Il bluff di Monti è finito

Reintegro solo in casi «molto estremi e improbabili», assicura il premier Mario Monti. Ma è sempre stato così, non era questo il punto. Il problema sono i costi dell'incertezza, l'aumento dei ricorsi, la troppa discrezionalità dei giudici. Che la riforma rischia addirittura di accrescere. Sulla riforma del lavoro, come sintetizza De Bortoli in un tweet, «il Monti politico ha prevalso sul Monti economista». Peccato che all'Italia servisse un governo tecnico, mentre ora se ne ritrova uno politico nel senso deteriore.

L'esultanza di Bersani e dei sindacati e il silenzio delle imprese sono eloquenti. E non illudiamoci che stampa e investitori esteri non abbiano colto il sostanziale cedimento alle forze della conservazione sociale. Molti osservatori giudicano positivo che i partiti siano riusciti a risolvere la grana, ma i mercati non apprezzeranno in questo una «nuova prova di raziocinio e di maturità», come sostiene Dario Di Vico, bensì il primo preoccupante granello nell'ingranaggio del governo Monti.

Questa non riforma smaschera ai loro occhi il "Bluff-Italia". Di fatto, per la prima volta, Monti ha accettato un vero e proprio veto. E quando per un governo la sopravvivenza diventa un valore prioritario sull'efficacia delle riforme, è un colpo all'autorità del premier e la strada verso l'immobilismo è imboccata. Con questo compromesso Monti ha anteposto alle riforme non solo il "tirare a campare", ma anche un disegno politico, quello della Grande Coalizione. Facile l'obiezione: Monti e Fornero hanno fatto quello che potevano, «bisogna essere soddisfatti», dice Mario Sechi, altrimenti il Pd rischiava di spaccarsi e far saltare il governo. Alla base c'è l'idea, fondata, che gli investitori temano più l'instabilità politica che una riforma troppo timida. E quindi meglio non compromettere le premesse di una Grande Coalizione con una rottura sull'articolo 18.

Il compromesso di oggi quindi può essere considerato a tutti gli effetti una prova tecnica di GC. Ma se è così, bisogna anche ammettere che l'esito non è affatto incoraggiante. Prelude a riforme sempre più sbiadite, inutili, persino dannose. L'idea di una GC in cui diverse forze politiche mettano mano ai nostri problemi strutturali nell'emergenza non è campata in aria. Sarebbe possibile se fosse limitata alle forze moderate e riformiste. Bisogna tuttavia fare i conti con quella che è da sempre la grande anomalia del sistema politico italiano. Se si pretende di mettere insieme una coalizione che va dai moderati ad un Pd a trazione Cgil, il rischio è che partorisca topolini rachitici come questa riforma.
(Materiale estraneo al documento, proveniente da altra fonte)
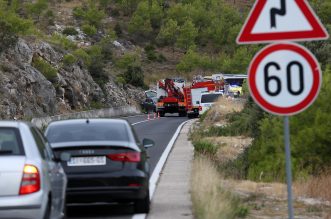 Zbog prometne nesreće prekinut je promet u mjestu Šparadići, sudarila su se tri automobila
L'articolo 18, invece, doveva offrire l'occasione per costringere il Pd a decidere una volta per tutte tra linea riformista o camussiana. Male che fosse andata, il sistema politico si sarebbe potuto scomporre/ricomporre attorno all'asse delle riforme, tra un "partito Monti" e un "partito Grecia". La foto di Vasto si sarebbe infranta sul muro di un nuovo, ampio fronte moderato. Uno scenario in cui anche i mercati avrebbero potuto intravedere finalmente una certa chiarezza nella politica italiana.